En su análisis de este enigma, Dörre explica que «la democracia como forma de gobierno se está sacrificando en el altar de un capitalismo expansionista que, con vistas a su propio aseguramiento, necesita recurrir cada vez más a prácticas autoritarias».1 Para Dörre, no es que la democracia esté en crisis, sino que actualmente asistimos a la aparición de «democracias desdemocratizadas» o de «no–democracias democráticas», en las que los Estados ya no están obligados a rendir cuentas a sus poblaciones, sino que actúan al dictado de poderes externos.

Esto sugiere que, aunque tenemos formas democráticas (la representación electoral), no tenemos sin embargo una democracia sustancial (en el sentido de un auténtico gobierno del pueblo para el pueblo). Estoy bastante de acuerdo con la posición de Dörre, y por eso voy a centrar mis reflexiones en una perspectiva desde Sudáfrica.

Una mirada a las mismas preguntas desde la perspectiva del sur global, de las periferias del capitalismo, aporta una interpretación algo distinta de los problemas, y ayuda a ahondar nuestra comprensión de las experiencias del capitalismo global y de la democracia, unas experiencias que son contingentes en la historia y en el espacio.

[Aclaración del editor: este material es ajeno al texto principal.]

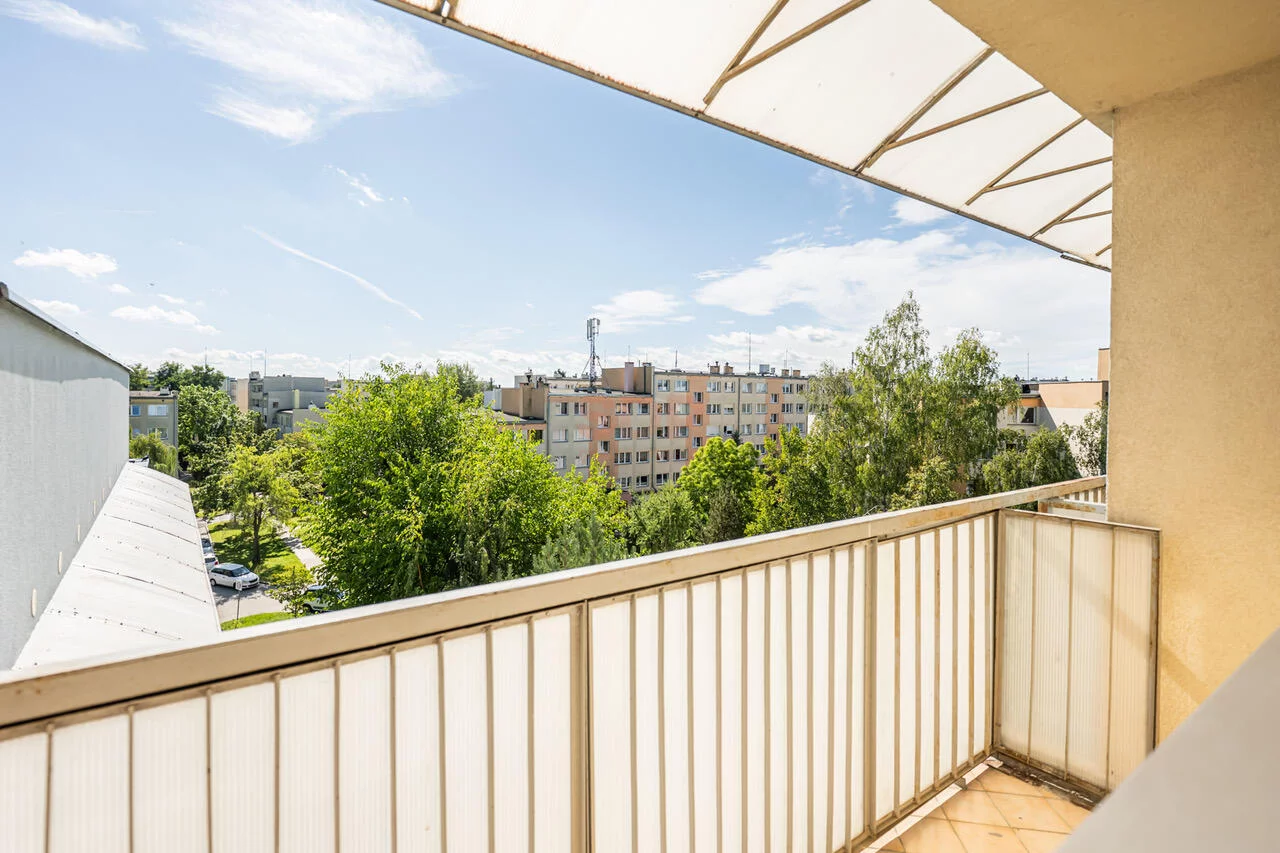 3 pokoje, mieszkanie 58,42 m², piętro 4, oferta nr , 42516, Wrocław, Fabryczna, Majakowskiego Włodzimierza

Contradicciones entre la democracia y el capitalismo: una mirada desde la periferia

Aunque simpatizo con la interpretación de Dörre de que la democracia «se sacrifica» a los intereses de la expansión capitalista global, no comparto la idea de que eso es un fenómeno nuevo.2 Lo nuevo es más bien que, ahora, la contradicción entre la democracia y el capitalismo se está experimentando también en los centros del capitalismo.

Durante gran parte del siglo XX poscolonial, en las periferias del capitalismo las democracias antidemocráticas e iliberales han servido para asegurar que la expansión capitalista prosiga bajo la máscara de la política occidental del desarrollo, que supuestamente propicia el gobierno «democrático».

Mientras que los centros del capitalismo apoyaban retóricamente la «democracia» en las periferias, en realidad los Estados y las empresas de los centros del capitalismo intervinieron política y económicamente, de forma oculta o manifiesta, para impedir sistemáticamente que muchos países de la periferia desarrollaran formas democráticas. Por eso podemos hablar de «democracias desdemocratizadas» en Europa o en los Estados Unidos, mientras que en las periferias hablaríamos solo de «democracias antidemocráticas», ya que ni siquiera han podido desarrollar «democracias democráticas».